Now the nougat-brown hair sweeps over her shoulders, dark like her melted cinnamon eyes, which are sweet, with a certain kindness behind them.
She shares distinct facial features with his wife, Olivia, who has almond-shaped eyes and a saffron tint to her complexion. Her crescent-shaped eyebrows incline slightly as she sees him staring at her.
He gives her a quizzical look. Her languid eyelashes of velvet-black blink, signaling to their daughter.
“So, Sarah, have you heard about Keila?”
She perks up at the tiniest show of attention from her father. “Yeah, of course. Who hasn’t?”
Russo fits in another piece of steak, contemplating his approach. “What have you heard?”
She thinks quickly. “Um, Keila went missing at the end of summer break. She already turned eighteen, so they had to wait a full forty-eight hours before it could be officially reported.”
“What are the students saying?”
“The students?”
Olivia closes her eyes for a hot moment.
“Yes, what’s the mood at Braidwood? What are the common conspiracies swirling around?”

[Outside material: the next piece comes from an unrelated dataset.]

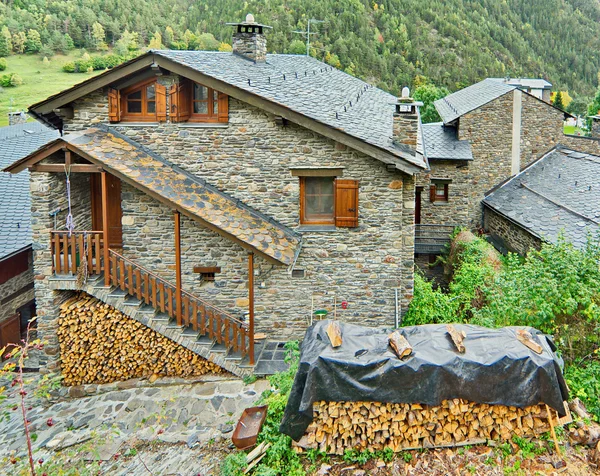 Typique brique sombre traditionnelle Andorre maisons rurales — Photo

“I’m just a junior. I don’t hang out with anyone who would have a plausible theory.” Her heart drags to her stomach at his tangible disappointment.
“But...” She regains his attention. “I’ve seen the trophy shrine area at school and most of the accolades belong to her. She seems like a dedicated athlete—disciplined, too.
“Someone like that likely had a stringent routine. A pattern that could be observed and exploited.”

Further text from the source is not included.